As can be demonstrated from Table 3, CM-YYPO ranked first for seventeen times on the 50-dimensional test functions, including four unimodal functions, eight multimodal functions, and five composition functions. For further increases in dimensionality, CM-YYPO still maintains a superb search capability compared to other algorithms.

The crossover stage of CM-YYPO leads to unsatisfactory performance for f5 and f11. However, the solving ability on f5 is significantly improved at dimension 50. It can be concluded that the performance of CM-YYPO is stable and significant for high-dimensional problems.

To verify the convergence performance of CM-YYPO, eleven representative test functions are selected. Figure 1 shows the convergence curves of all algorithms in 50 dimensions. The horizontal coordinates of the graph indicate the percentage of the maximum number of iterations, and the vertical coordinates indicate the average fitness value over the current number of iterations.

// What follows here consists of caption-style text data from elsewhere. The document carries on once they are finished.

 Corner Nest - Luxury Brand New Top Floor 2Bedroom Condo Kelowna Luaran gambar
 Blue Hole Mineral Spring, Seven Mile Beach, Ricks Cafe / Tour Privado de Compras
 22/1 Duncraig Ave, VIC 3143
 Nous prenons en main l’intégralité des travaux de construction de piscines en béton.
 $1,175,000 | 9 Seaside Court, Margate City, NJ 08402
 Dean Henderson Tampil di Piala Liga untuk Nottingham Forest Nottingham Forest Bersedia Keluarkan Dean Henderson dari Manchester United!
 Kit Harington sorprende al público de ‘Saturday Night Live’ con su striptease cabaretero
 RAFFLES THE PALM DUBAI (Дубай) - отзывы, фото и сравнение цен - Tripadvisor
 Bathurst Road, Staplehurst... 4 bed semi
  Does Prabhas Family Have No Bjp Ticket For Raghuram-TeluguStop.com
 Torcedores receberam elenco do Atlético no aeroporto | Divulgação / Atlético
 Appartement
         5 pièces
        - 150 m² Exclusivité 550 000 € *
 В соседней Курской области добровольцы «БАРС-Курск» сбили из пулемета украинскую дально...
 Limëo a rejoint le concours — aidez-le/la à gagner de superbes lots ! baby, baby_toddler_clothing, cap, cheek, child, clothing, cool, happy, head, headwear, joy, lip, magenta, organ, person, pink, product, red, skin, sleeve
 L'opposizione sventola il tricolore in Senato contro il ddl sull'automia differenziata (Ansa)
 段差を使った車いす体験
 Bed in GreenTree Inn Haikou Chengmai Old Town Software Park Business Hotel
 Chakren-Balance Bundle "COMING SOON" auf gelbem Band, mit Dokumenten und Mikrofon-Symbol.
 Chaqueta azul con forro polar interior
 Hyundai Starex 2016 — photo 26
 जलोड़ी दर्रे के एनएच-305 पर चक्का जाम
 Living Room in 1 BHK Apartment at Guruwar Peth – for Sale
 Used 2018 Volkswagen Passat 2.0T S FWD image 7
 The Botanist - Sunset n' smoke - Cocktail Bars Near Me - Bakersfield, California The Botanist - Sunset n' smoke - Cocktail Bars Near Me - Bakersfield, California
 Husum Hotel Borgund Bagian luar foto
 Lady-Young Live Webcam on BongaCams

It can be seen from Fig. 1 that CM-YYPO can converge faster on the unimodal functions (f2, f3 and f4); on the multimodal functions (f7 f9 f12 f18 and f20), the tendency to fall into local optimum is slowed down. For the more difficult composition functions (f23 f25 and f27), the convergence speed and solution accuracy of CM-YYPO are also better than other comparative algorithms.

In summary, the candidate solutions can effectively improve the quality under the perturbation of elites during the search process. And the mutation operation on the candidate solutions also increases the probability of jumping out of the local optimum.

Table 1. Results of CM-YYPO on the 10-dimensional test functions
Table 2. Results of CM-YYPO on the 30-dimensional test functions
Table 3. Results of CM-YYPO on the 50-dimensional test functions
Fig. 1.
figure 1

Convergence curves for the 50-dimensional case

5 Conclusions

In this paper, the crossover and mutation operators are added to the search mechanism of YYPO for the optimization problems in high dimensions. The splitting method is also improved. According to the comparison results of test functions, proposed CM-YYPO not only overcomes the drawback of early convergence, but also greatly improves the solving ability in each dimension. Especially in solving high-dimensional problems, its search performance is obviously better than other algorithms. However, optimization problems in big data analytics involve more optimization objectives than just high-dimensional features. It is still worthwhile to continue to explore the research on how to extend CM-YYPO effectively to multi-objective optimization problems.